A few days ago, on Google+, Dominic Crouzet posted on what he felt was missing from Fantastic Heroes & Witchery - and explanation of what Thief skills actually are:
There is something I regret to not have thought of when I wrote FH&W. Recently I did read a document over at DF, where the author explains that (in his OD&D game) everybody can hide, but only thieves can hide in shadows; everybody can steal purses, but only thieves won't be noticed; etc. I think that would have been a nice addition to the FH&W thief:
Thieves have skills that all other characters can also attempt, whether trained or not, even though thieves get more bonus to their skill checks. However, the thief class can do things with each of these skills that no other class can do. Specifically hide in mere shadows (where others can only hide behind something); steal without being noticed by nearby witnesses; climb very smooth walls; etc. That would give something special to the thief class.

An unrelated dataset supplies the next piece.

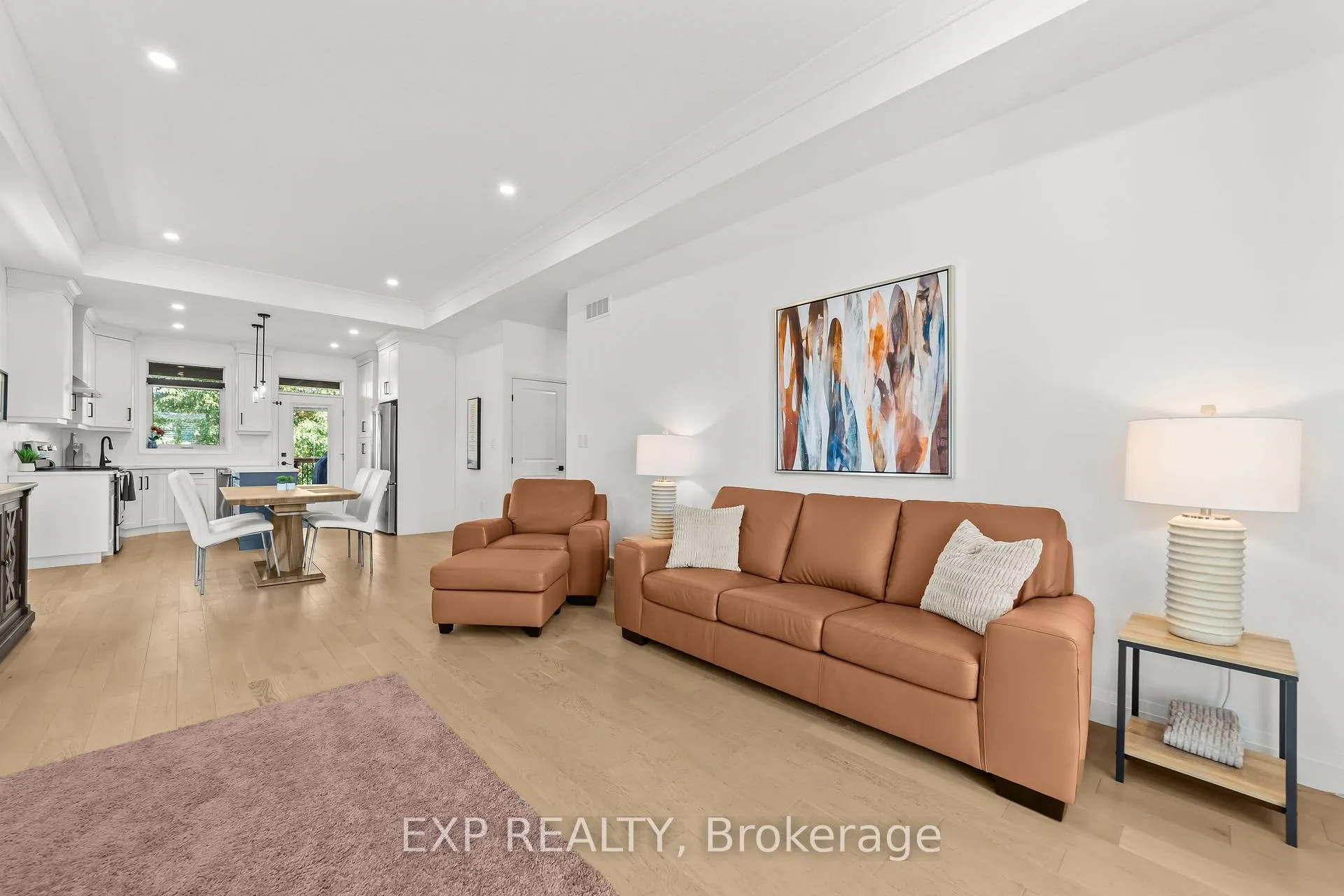 Photo 11 of Unit 26, 159 Collins Way, Strathroy-Caradoc, SE — HOMEH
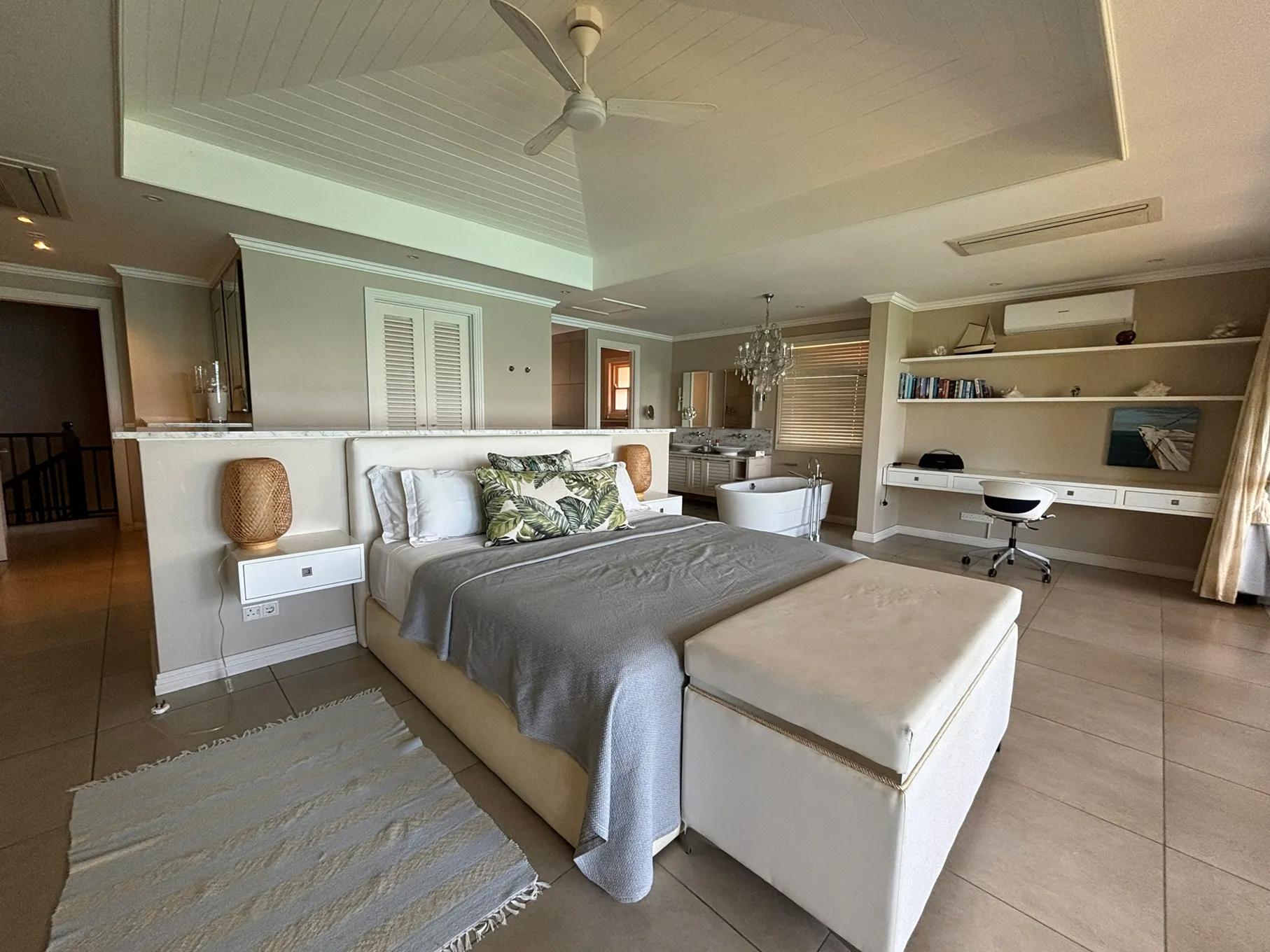 BoomBastic Chapters Seychelles - Villa 133 | 5-Bedroom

I think that this is very important. Obviously, it acts as a corrective to the 'underpowered and incompetent' interpretation of the Thief class without changing anything but the perspective of players and referees - those laughably low chances of success are in fact the chances of the Thief doing something remarkable. This is because classed and levelled characters are exceptional people. Not all thieves are Thieves. The proliferation of classed and levelled NPCs in D&D material was one of the big wrong turns, looking back at published D&D material. Even in the marvellous Night's Dark Terror, Threshold is home to an unnamed 7th Level Thief who, improbably, seems to make his or her living picking pockets. By understanding success at Thief skills as the achievement of something remarkable, the petty pickpockets can be 0-level humans performing mundane, rather than exceptional, acts, Any PC should have a crack at performing mundane acts, depending on circumstance. But only classed characters get to use class abilities in order to achieve the exceptional. And by considering Thief skills in this way, we effectively grant high-level Thieves the kind of superhuman abilities gained by the other classes at high level - there is no need to detail new abilities as promised by Cook and Marsh.
But, of course, not all thieves are Thieves, not all 'fighting men' are Fighters, not all priests are Clerics, and... not all students of magic are Magic Users? Yes, possibly even the last case should be true. There should be 0 level scholars, cunning men and wise women who can work some petty magical effects, at great expense, effort or sacrifice, but only classed and levelled Magic Users can work magic with true power. And once the players and referee start thinking about classed and levelled characters as exceptional within the game world, playing at low levels takes on a different flavour.